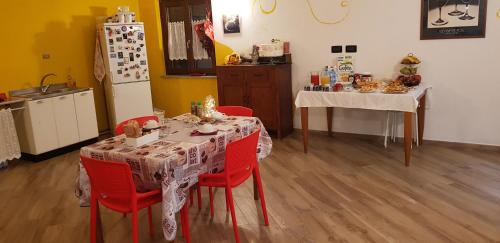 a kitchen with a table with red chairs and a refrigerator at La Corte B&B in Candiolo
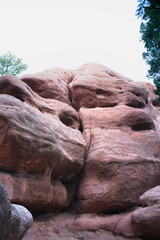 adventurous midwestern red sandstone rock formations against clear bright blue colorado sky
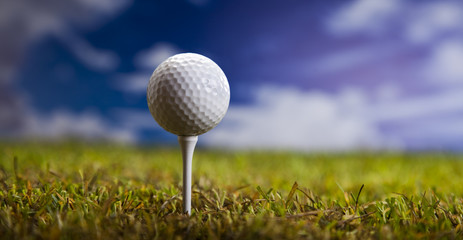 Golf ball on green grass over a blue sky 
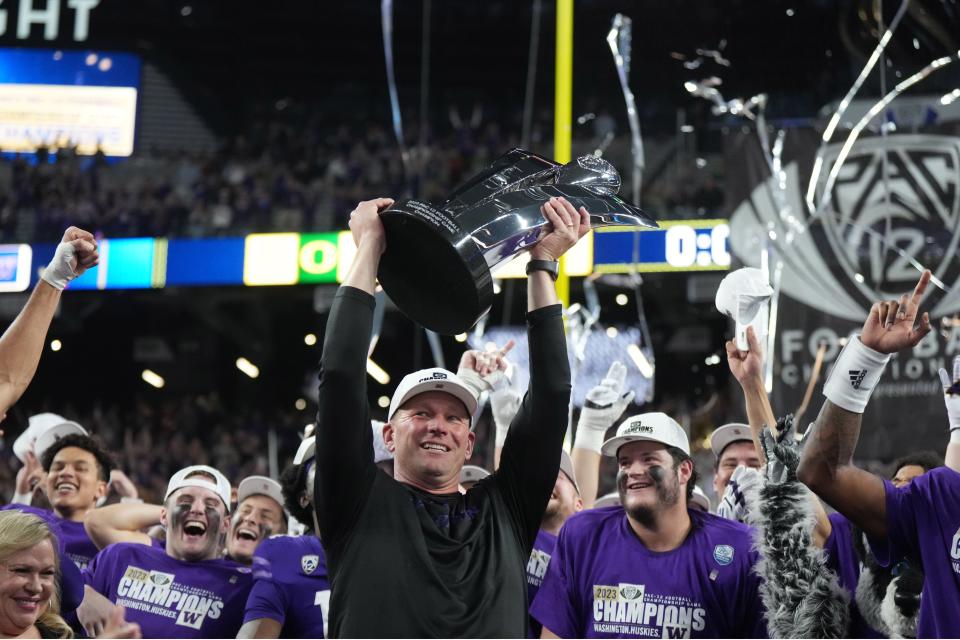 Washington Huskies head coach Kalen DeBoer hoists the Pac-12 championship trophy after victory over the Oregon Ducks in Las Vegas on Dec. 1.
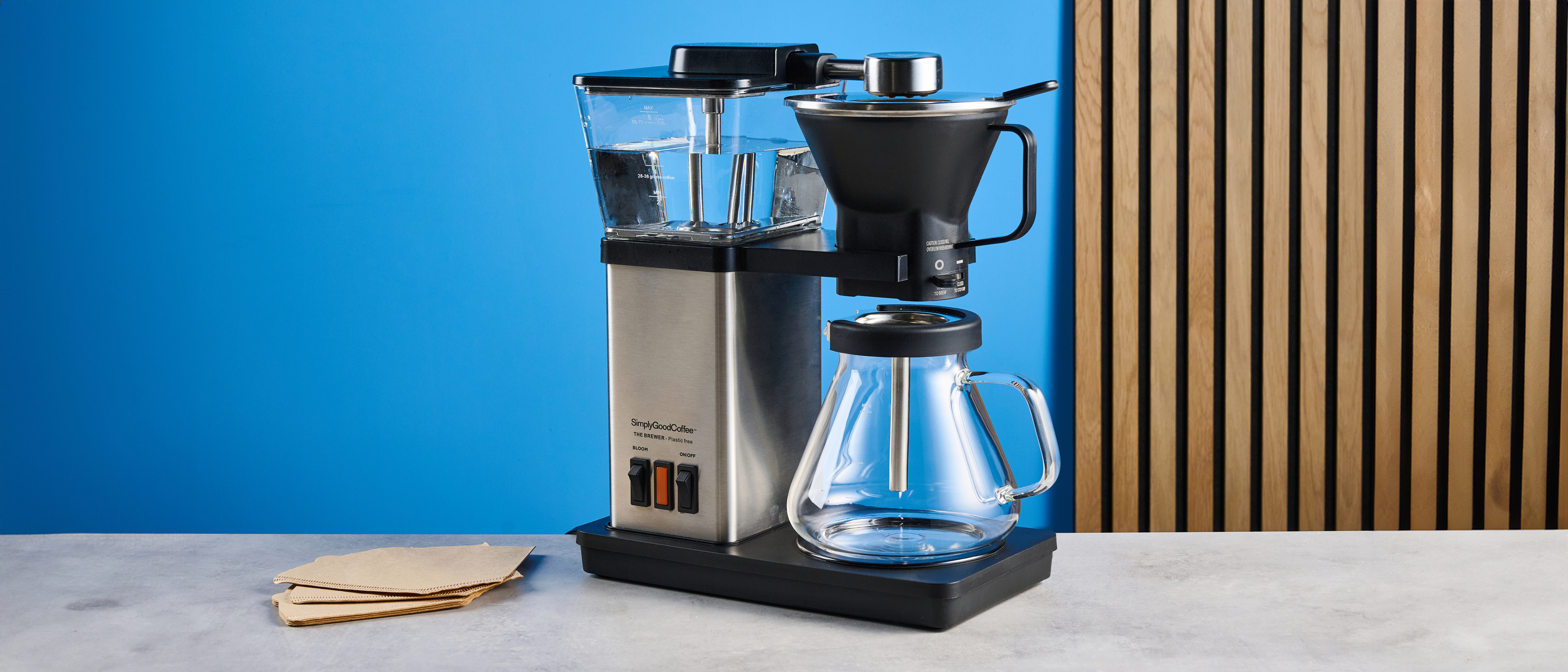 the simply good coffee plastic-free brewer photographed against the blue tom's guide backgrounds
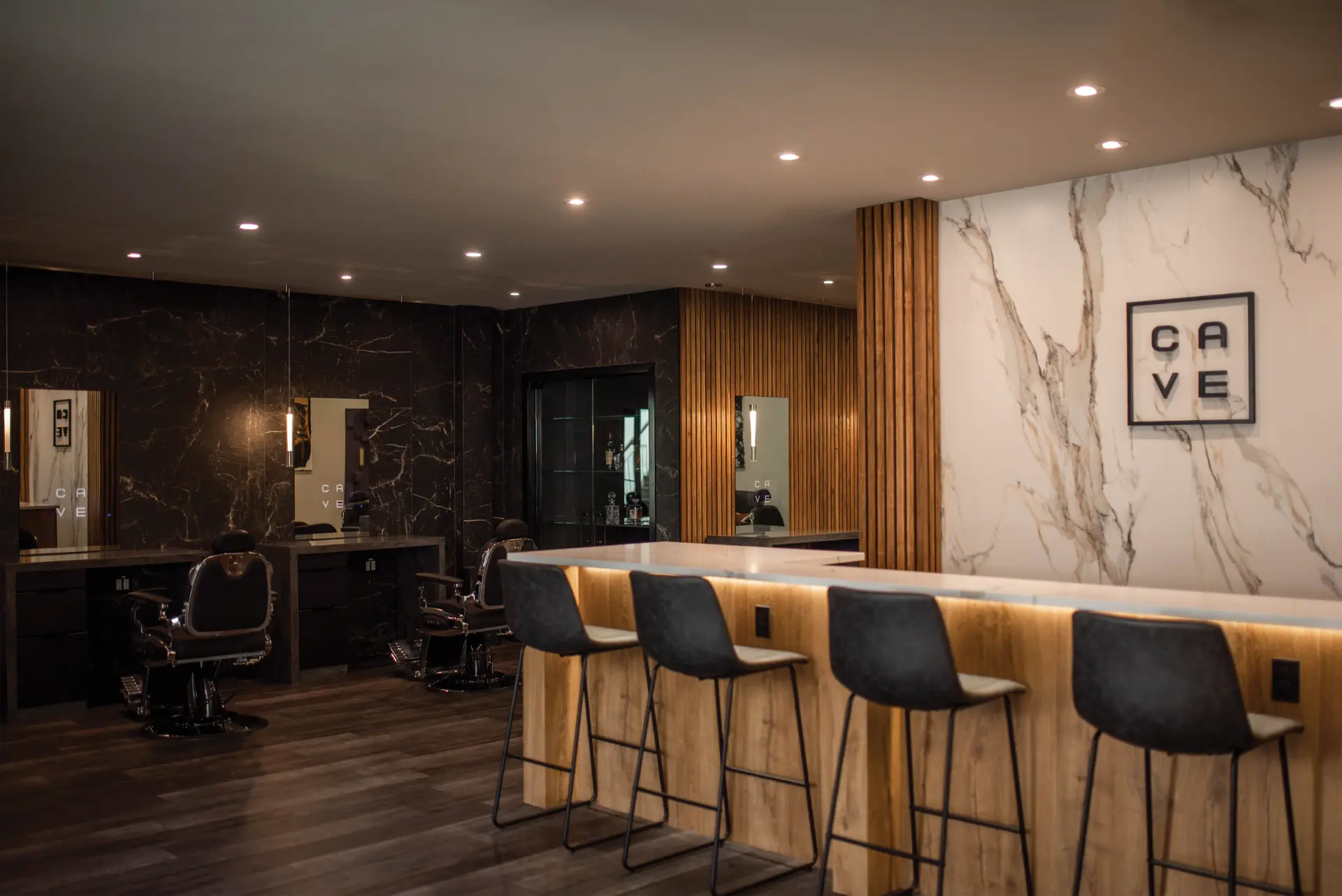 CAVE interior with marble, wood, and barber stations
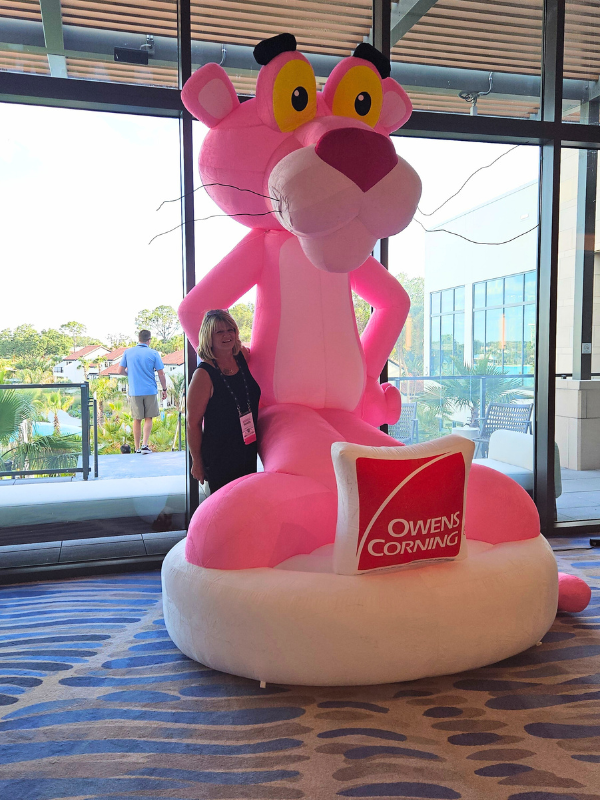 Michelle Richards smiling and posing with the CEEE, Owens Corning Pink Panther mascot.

**Exercise directions:** Leave out the pictures and retype every line above exactly.

**Result below:**
 a kitchen with a table with red chairs and a refrigerator at La Corte B&B in Candiolo
 adventurous midwestern red sandstone rock formations against clear bright blue colorado sky
 Golf ball on green grass over a blue sky 
 Washington Huskies head coach Kalen DeBoer hoists the Pac-12 championship trophy after victory over the Oregon Ducks in Las Vegas on Dec. 1.
 the simply good coffee plastic-free brewer photographed against the blue tom's guide backgrounds
 CAVE interior with marble, wood, and barber stations
 Michelle Richards smiling and posing with the CEEE, Owens Corning Pink Panther mascot.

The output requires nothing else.